- EXERCISE DATA -
*** Block opens ***

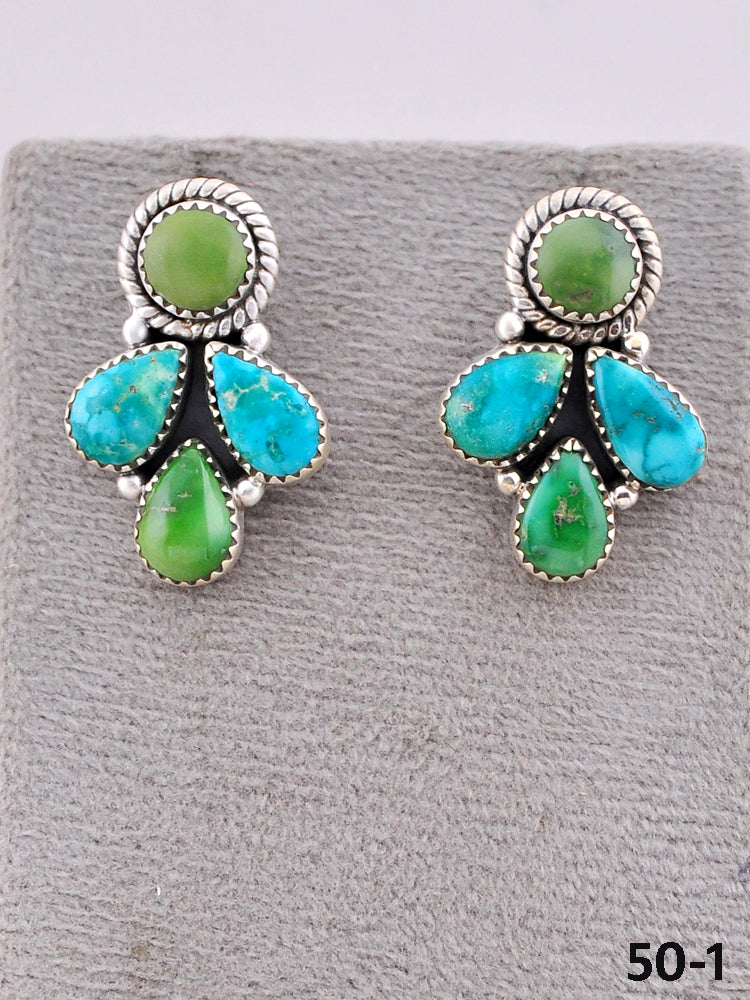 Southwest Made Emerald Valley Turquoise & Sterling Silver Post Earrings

*** Block closes ***
*** Block opens ***

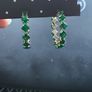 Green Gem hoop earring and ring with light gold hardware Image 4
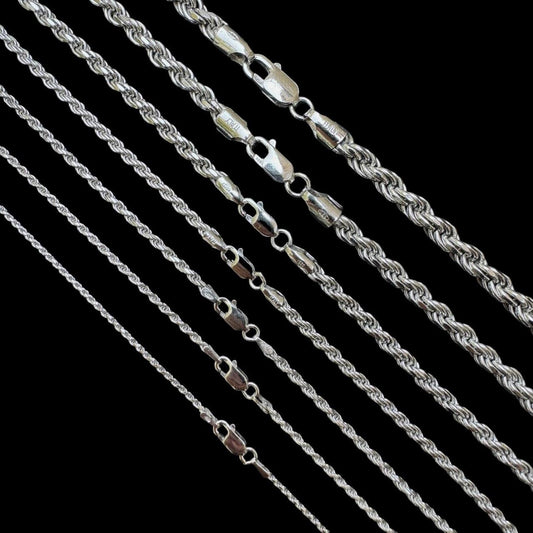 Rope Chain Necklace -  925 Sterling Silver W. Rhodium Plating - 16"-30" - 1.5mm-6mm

*** Block closes ***
*** Block opens ***

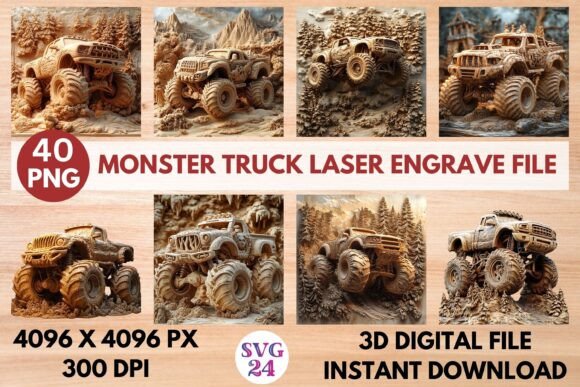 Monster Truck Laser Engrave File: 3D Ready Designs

*** Block closes ***

- INSTRUCTIONS TO FOLLOW -
Copy only these lines from the records above, exactly: the one with "Green Gem hoop", the one with "Rope Chain Necklace", and those between. Skip the pictures.

- EXERCISE SOLUTION -
 Green Gem hoop earring and ring with light gold hardware Image 4
 Rope Chain Necklace -  925 Sterling Silver W. Rhodium Plating - 16"-30" - 1.5mm-6mm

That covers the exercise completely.